“Well, I haven’t run away with her. She smiles too much. I couldn’t bear it.”
“She’s gone, sir,” Bell said heavily. “She was to have signed her contract as leading lady in Mr. Mark Woodcote’s new play. That was yesterday. She didn’t come. They had no word from her. And yesterday her servants gave information she had disappeared——”
“I know. I was there. So she hasn’t turned up yet?”
“No, sir. And Mr. Lomas and you, you found her bag in the river. That was her bag.”
“Well, well.” said Reggie. “And what’s the Criminal Investigation Department going to do about it?”

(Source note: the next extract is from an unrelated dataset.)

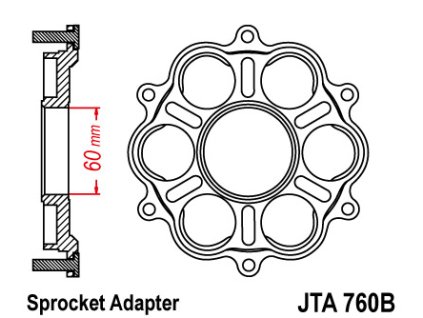 JT SPROCKETS Adaptér zadnej rozety JTA760B Ducati 1098, Streetfighter 1099, 1198, Multistrada 1200, Diavel 1198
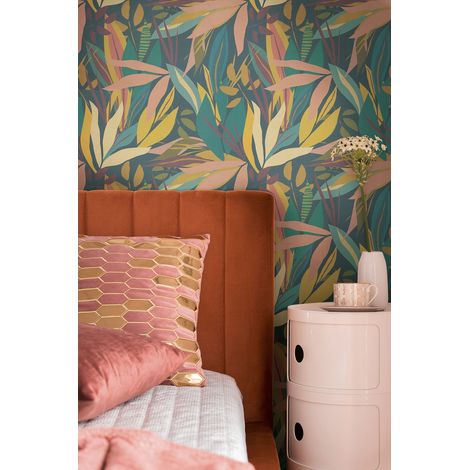 Papier peint intissé Jungle & Tropical Bleu, Multicolore, Jaune, Vert - 10,05 x 0,53 m (1/5)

“Where’s she gone, Mr. Fortune? She didn’t take her car. She’s not been seen at Stanton station. She’s not at her flat in town. She’s not with any of her friends.”
“The world is wide,” Reggie murmured.
“And the river’s pretty deep, Mr. Fortune.”
At this point Lomas came in. He beamed upon them both, he patted Bell’s large shoulder, he came to Reggie Fortune. “My dear fellow! Here already! ‘Duty, stern daughter of the voice of God,’ what? How noble—and how good for you!”
Reggie looked from his jauntiness to the gloom of Bell. “Tragedy and comedy, aren’t you?” he said. “And very well done, too. But it’s a little confusing to the scientific mind.”